The Amalgamated Rural Teachers Union of Zimbabwe (ARTUZ) has revealed that members of the public have rejected Continuous Assessment Learning Activities (CALA) in its current form.
CALA was introduced in 2015 and the Ministry of Primary and Secondary Education is currently conducting a curriculum review engaging stakeholders across the country.
In a statement, ARTUZ said the curriculum has proven to be both costly and time-consuming, hampering the educational progress of students.
“The Amalgamated Rural Teachers Union of Zimbabwe consulted the public on their perceptions on Continuous Assessment Learning Activities (CALA) and 95 % of those that participated in the poll rejected CALA in its present form. 71% voted for their repeal and 24 % voted for them to reduced to one CALA per learner.
“Since their introduction in schools, CALAs have proven to be costly and time consuming thereby negatively affecting learners’ progress. Most CALAs require the use of the internet for research which then imposed costs of mobile data, laptops and mobile devices etc, on top the regularly hiking fees,” said ARTUZ.
The union argues that CALAs place an undue burden on students and their families, particularly those from disadvantaged backgrounds.

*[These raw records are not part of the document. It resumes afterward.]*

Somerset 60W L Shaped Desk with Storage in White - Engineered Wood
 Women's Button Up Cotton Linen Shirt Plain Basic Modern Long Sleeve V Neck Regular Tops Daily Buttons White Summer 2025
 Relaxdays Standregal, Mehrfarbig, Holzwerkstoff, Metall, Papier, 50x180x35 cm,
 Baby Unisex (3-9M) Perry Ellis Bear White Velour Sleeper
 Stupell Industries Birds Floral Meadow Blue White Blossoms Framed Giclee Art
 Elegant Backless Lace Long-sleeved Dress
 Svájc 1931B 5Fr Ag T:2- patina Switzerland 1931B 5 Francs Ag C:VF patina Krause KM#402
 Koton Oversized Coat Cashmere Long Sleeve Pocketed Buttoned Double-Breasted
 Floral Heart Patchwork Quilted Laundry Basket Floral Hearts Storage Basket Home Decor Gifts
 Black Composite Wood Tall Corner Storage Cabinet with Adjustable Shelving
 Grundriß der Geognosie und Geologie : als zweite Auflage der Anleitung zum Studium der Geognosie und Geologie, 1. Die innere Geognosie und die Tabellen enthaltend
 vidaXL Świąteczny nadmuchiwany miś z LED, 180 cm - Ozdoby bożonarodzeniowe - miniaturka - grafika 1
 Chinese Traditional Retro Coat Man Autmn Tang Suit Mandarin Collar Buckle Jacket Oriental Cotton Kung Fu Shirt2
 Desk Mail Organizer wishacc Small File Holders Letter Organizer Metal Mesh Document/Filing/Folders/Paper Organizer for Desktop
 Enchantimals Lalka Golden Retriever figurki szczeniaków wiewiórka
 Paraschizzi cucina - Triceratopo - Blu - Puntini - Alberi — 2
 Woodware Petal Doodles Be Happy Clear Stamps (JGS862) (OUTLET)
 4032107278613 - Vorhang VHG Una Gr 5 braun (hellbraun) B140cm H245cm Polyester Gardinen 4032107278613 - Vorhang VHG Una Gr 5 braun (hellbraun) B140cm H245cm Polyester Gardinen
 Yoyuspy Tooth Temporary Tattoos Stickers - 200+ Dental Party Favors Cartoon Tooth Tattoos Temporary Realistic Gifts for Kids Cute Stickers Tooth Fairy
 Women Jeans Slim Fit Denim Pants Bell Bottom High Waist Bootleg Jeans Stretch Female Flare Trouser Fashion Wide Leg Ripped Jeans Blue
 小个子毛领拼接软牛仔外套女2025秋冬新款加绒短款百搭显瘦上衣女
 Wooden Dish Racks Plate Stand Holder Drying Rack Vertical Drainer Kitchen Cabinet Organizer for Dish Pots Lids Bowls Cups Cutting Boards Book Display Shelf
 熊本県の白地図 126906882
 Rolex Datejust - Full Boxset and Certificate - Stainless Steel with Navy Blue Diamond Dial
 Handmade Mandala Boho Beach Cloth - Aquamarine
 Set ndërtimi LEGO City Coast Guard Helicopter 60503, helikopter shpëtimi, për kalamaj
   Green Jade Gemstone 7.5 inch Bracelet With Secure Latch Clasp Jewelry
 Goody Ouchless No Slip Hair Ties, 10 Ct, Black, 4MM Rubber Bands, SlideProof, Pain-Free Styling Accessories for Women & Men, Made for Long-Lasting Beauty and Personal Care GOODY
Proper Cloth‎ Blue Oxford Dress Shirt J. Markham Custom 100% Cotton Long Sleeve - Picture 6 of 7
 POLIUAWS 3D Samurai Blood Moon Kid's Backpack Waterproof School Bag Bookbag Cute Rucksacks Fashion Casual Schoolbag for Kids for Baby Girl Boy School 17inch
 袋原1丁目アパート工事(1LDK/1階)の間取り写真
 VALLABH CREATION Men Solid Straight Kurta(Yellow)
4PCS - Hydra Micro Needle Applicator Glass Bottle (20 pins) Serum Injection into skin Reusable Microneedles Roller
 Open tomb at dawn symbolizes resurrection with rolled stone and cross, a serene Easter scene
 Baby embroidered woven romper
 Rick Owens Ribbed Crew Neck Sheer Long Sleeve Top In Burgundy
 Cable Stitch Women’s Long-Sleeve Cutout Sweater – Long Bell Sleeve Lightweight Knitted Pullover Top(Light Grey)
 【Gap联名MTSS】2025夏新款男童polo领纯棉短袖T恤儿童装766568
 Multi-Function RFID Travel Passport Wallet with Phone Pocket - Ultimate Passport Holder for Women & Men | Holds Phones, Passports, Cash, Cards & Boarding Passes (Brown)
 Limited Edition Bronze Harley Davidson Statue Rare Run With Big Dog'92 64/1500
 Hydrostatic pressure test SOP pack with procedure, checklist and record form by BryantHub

“In a country we’re the majority of the citizens are living in poverty they widen the learning inequality gap as those from privileged backgrounds will the only ones that can afford to learn, paying particular attention to rural learners, majority of schools have inadequate digital learning facilities to enable students to carry out their Continuous Assessment Learning Activities.
“Therefore, as the Ministry of Primary and Secondary Education is conducting a curriculum review, we found it right to invite citizens to give their views on the matter. It is the Union’s position that CLAS should be reformed in order to ensure effective learning in schools. We have even proposed this in our 2022 publications,” added the union.
ARTUZ emphasised the need for a more inclusive and accessible education system that caters to the needs of all students, regardless of their socioeconomic background.